WHAT TO WORK ON:
Could you retype the entries below exactly, omitting every picture?
Segment Start: TASK MATERIAL
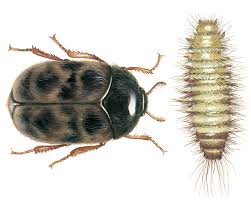 Image result for Cadaba termitaria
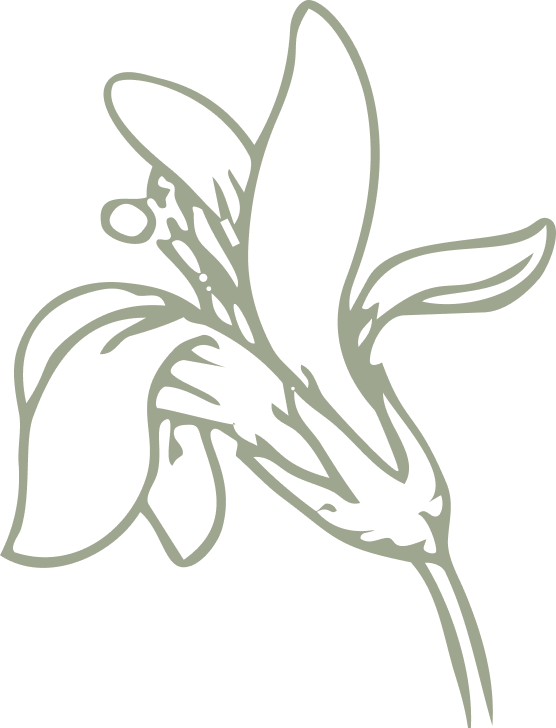 Botanical line illustration
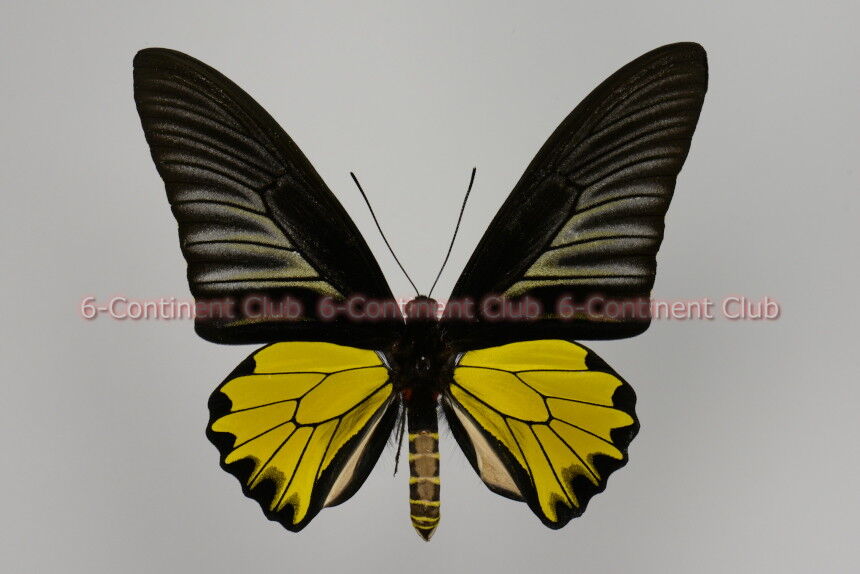 キシタアゲハ♂ (タイ) Troides aeacus aeacus : 京大蝶研六大陸クラブ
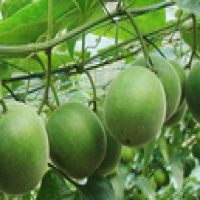 Corsvenor Momordica Fruit Extract Corsvenor Momordica Fruit Extract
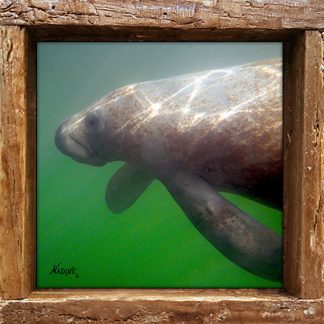 "Just Swimming Along"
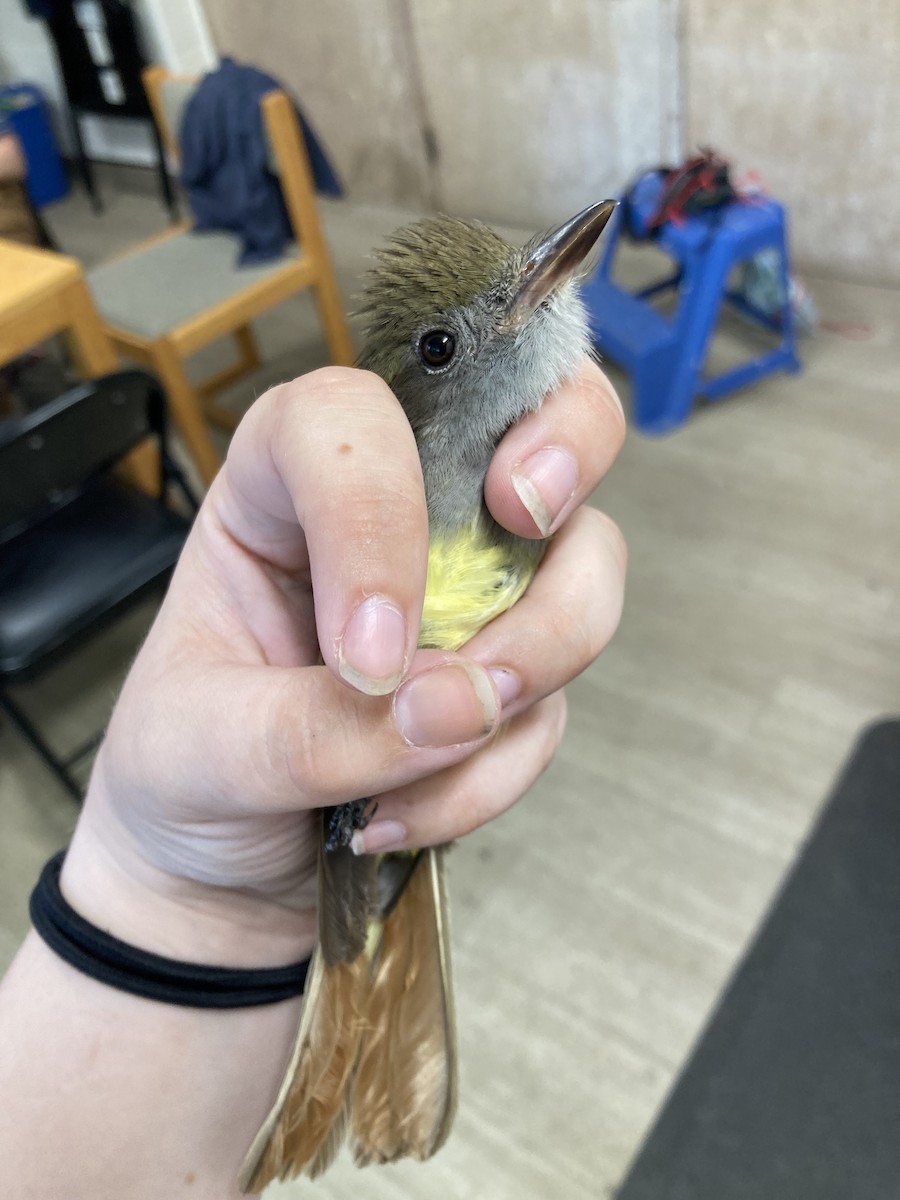 Great Crested Flycatcher - ML620285071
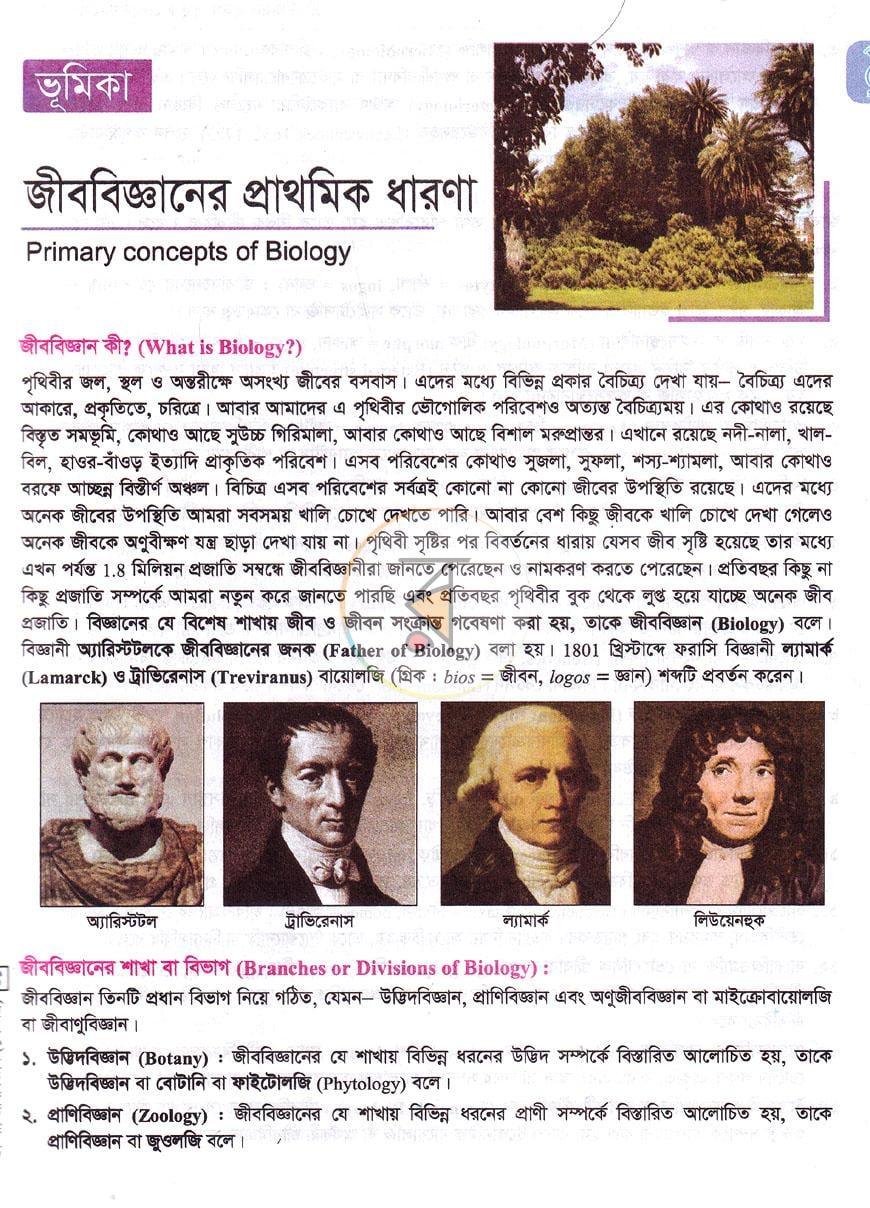 পাতা 6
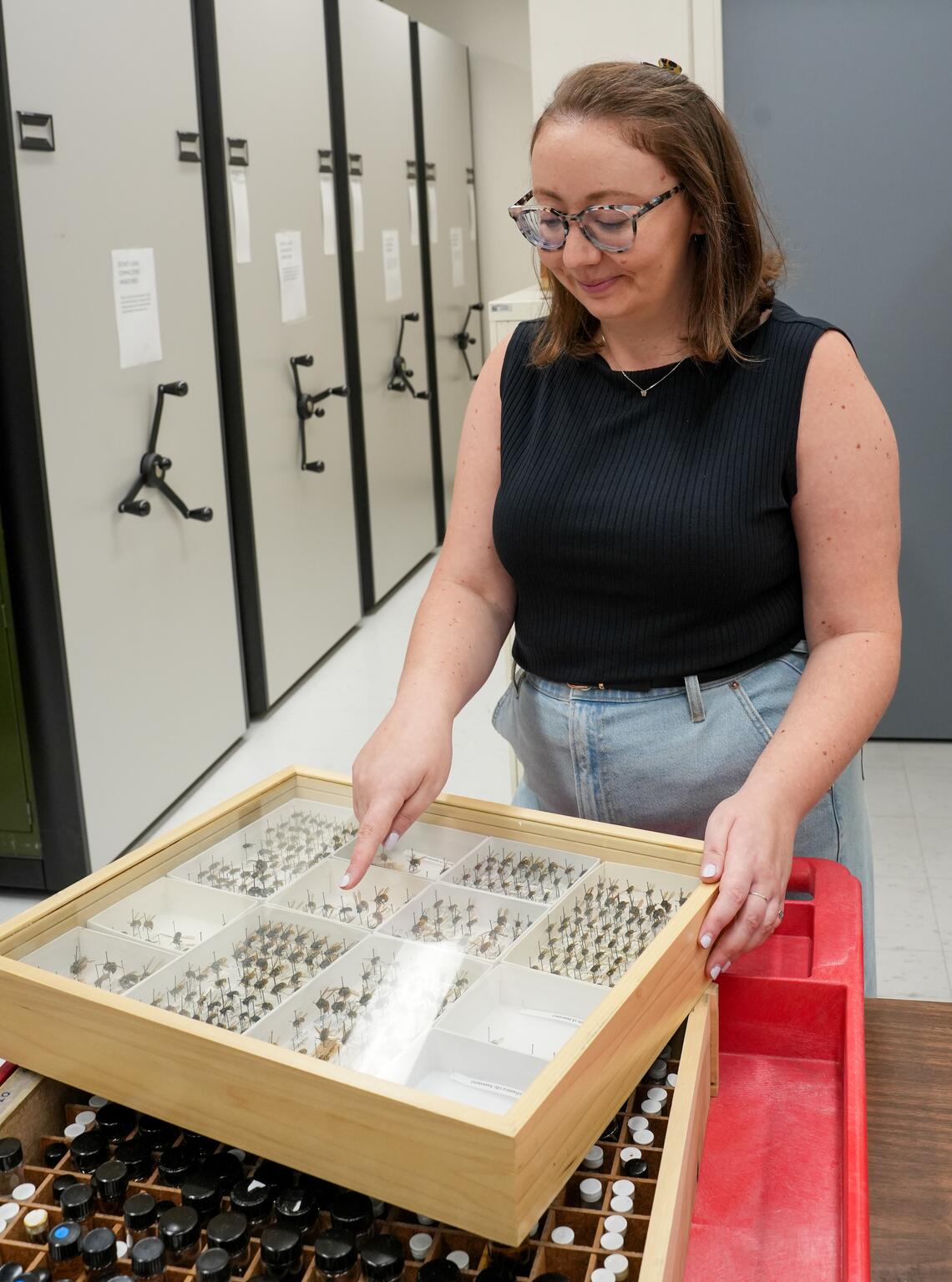 A woman looking at wasps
Segment End: TASK MATERIAL
EXERCISE SOLUTION:
 Image result for Cadaba termitaria
 Botanical line illustration
 キシタアゲハ♂ (タイ) Troides aeacus aeacus : 京大蝶研六大陸クラブ
 Corsvenor Momordica Fruit Extract Corsvenor Momordica Fruit Extract
 "Just Swimming Along"
 Great Crested Flycatcher - ML620285071
 পাতা 6
 A woman looking at wasps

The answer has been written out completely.